Published: 15 December 2005

Report in British Medical Journal examines the availability of primary care according to deprivation and health needs in Scotland

A new report published in the British Medical Journal (BMJ) today suggests that the NHS needs to do more to provide health care according to need, by analysing the availability of primary care according to deprivation and health needs in Scotland.

The study was based as part of the Platform Project, based at the University of Glasgow and in collaboration with partners at the Universities of Edinburgh, Dundee, Aberdeen and the Scottish School of Primary Care.

Research findings were based on the total population of the 5.35 million people living in Scotland served by 1, 050 general practices and divided into ten groups of equal size according to deprivation.

The results show that ill health is two and a half times greater in the most deprived group compared to the most affluent, but the number of whole time equivalent GP principals is distributed evenly across the population.

However, including non-principals and doctors in training, there are 11% more GPs in the more affluent compared with the more deprived half of the population. 83% of the practices serving the most deprived tenth of the Scottish population are based in Greater Glasgow.

Professor Graham Watt from the University of Glasgow explains:

'The general practices serving the most deprived 10% of the Scottish population, comprising over half a million people, are the front line of the NHS in Scotland. Surely that is where the NHS should be seen at its best, with the best examples of quality services, and the most attractive career opportunities. But the opposite is the case."

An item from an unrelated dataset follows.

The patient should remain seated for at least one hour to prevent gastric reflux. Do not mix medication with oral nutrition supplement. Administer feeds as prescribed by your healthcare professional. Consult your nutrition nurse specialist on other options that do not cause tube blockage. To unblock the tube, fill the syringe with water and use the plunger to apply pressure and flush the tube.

"Despite two and a half times the health need, the poorest 10% of the population has the same number of GPs as the most affluent 10% of the population. Quality schemes, service initiatives, research and training are all twice as common in more affluent areas. Too many NHS agencies and organisations have policies which fizzle out in the last third of the population.'

Although they found larger numbers of practices in the most rural and deprived areas, this reflects the higher proportion of single-handed and small run practices. In fact, they show that practices in deprived areas tend to have younger doctors, fewer female doctors, and less involvement in voluntary activities such as quality schemes, health service initiatives, and training than practices serving more affluent areas.

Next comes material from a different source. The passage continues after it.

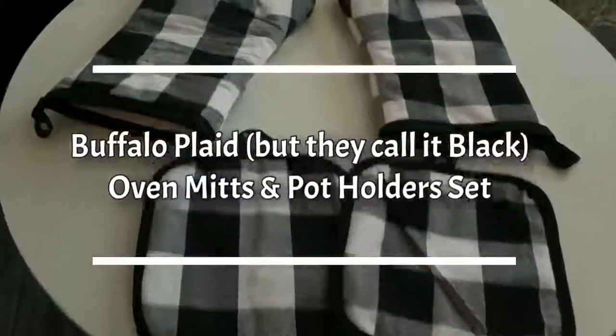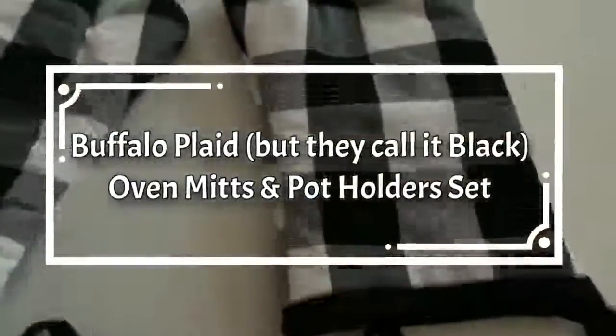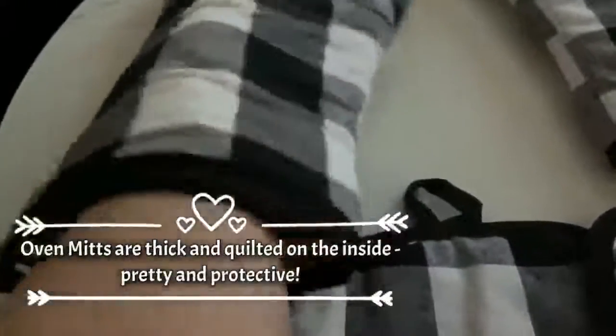Today I'm reviewing this Buffalo Plaid — but they call it Black — Oven Mitts and Potholders set. I just love the pattern of this set. It's a thick quilted oven mitt and it will definitely protect you from getting burned while dealing with the oven.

Practices serving the most deprived areas are less likely to volunteer because they are so consumed by dealing with increased levels of morbidity, without increased levels of medical manpower, that they are unable or unwilling to take on additional activities. The greatest challenge facing any national health service aiming for the equitable delivery of high quality care is to develop the best examples of care and the most attractive professional career opportunities in populations where need is greatest. The report concludes that the NHS has much more to do in tackling this challenge.